HELM (Holistic Evaluation): 42 scenarios with 7 metrics per scenario — accuracy, calibration, robustness, fairness, bias, toxicity, efficiency. Comprehensive but expensive to compute. BIG-Bench Hard (BBH): 23 tasks that still challenge frontier models — algorithmic, world knowledge, language understanding. TruthfulQA: 817 questions where humans often have false beliefs; tests whether models propagate misconceptions.
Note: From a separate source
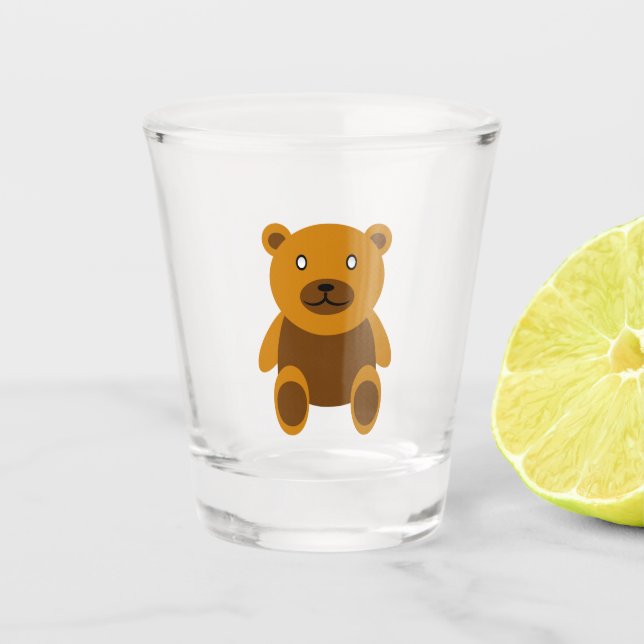Vaso De Chupito Clásico de teddybear marrón (Anverso)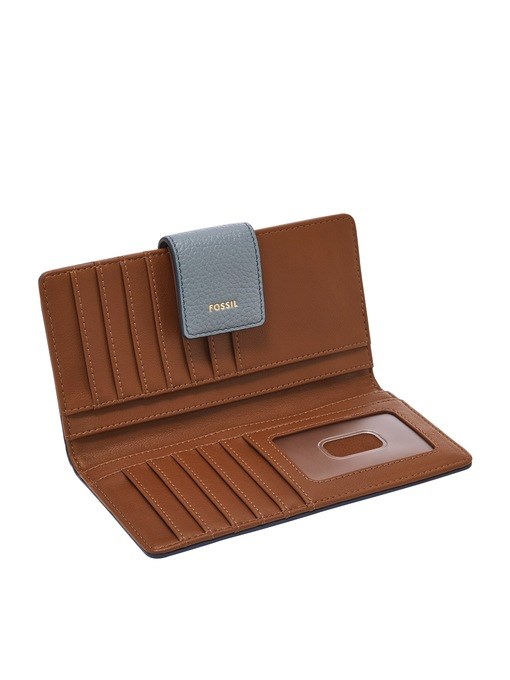 Fossil Logan Blue Clutch SL7830450 Fossil Logan Blue Clutch SL7830450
MT-Bench: 80 multi-turn chat questions judged by GPT-4, covering math, coding, reasoning, roleplay, writing, STEM.

Benchmark	Coverage	Eval method	Best for
HELM	Broad (42 scenarios)	Multi-metric	Comprehensive comparison
BIG-Bench Hard	Reasoning-focused	Exact match	Reasoning capability
TruthfulQA	Factuality	Judge or MCQ	Truthfulness
MT-Bench	Chat quality	LLM judge	Chat assistant quality

These benchmarks provide breadth but sacrifice depth. A single HELM score hides variation across scenarios. Use holistic benchmarks for baseline health checks, not for final model selection.

06 — Human Signal

Chatbot Arena and Human Preference

Chatbot Arena (LMSYS): Real users ask questions, see two anonymous responses, pick the better one. ELO-style rating updated after each battle. Currently the most reliable ranking for overall model quality because contamination is impossible (new questions), coverage is real (millions of votes), and results update in real-time.

Why Arena is Better Than Static Benchmarks

Static benchmarks are fixed forever; Arena evolves. Users reveal true preferences; benchmarks measure narrow capabilities. Arena is large (millions of votes); benchmarks are small (thousands of examples). This scale difference matters.

Dimension	Arena	Static benchmarks
Contamination risk	Zero	High
Coverage	Real queries (biased)	Fixed test set (narrow)
Speed of update	Real-time	Months
Reproducibility	Low (stochastic)	High
Cost to game	Hard	Easy

Arena Limitations

English bias: Skewed toward English queries. Chat bias: Skewed toward chat-style questions (less technical). Gameable: Can optimize for superficial features that humans prefer (verbosity, disclaimers) without improving actual reasoning.

✓ Single most trustworthy signal: Chatbot Arena is the best ranking available, but look at confidence intervals, not just ELO point estimates. Models within 50 points are statistically indistinguishable.

Python · Track benchmark scores over time and alert on regression

import json, statistics
from pathlib import Path
from datetime import datetime

HISTORY_FILE = Path("benchmark_history.jsonl")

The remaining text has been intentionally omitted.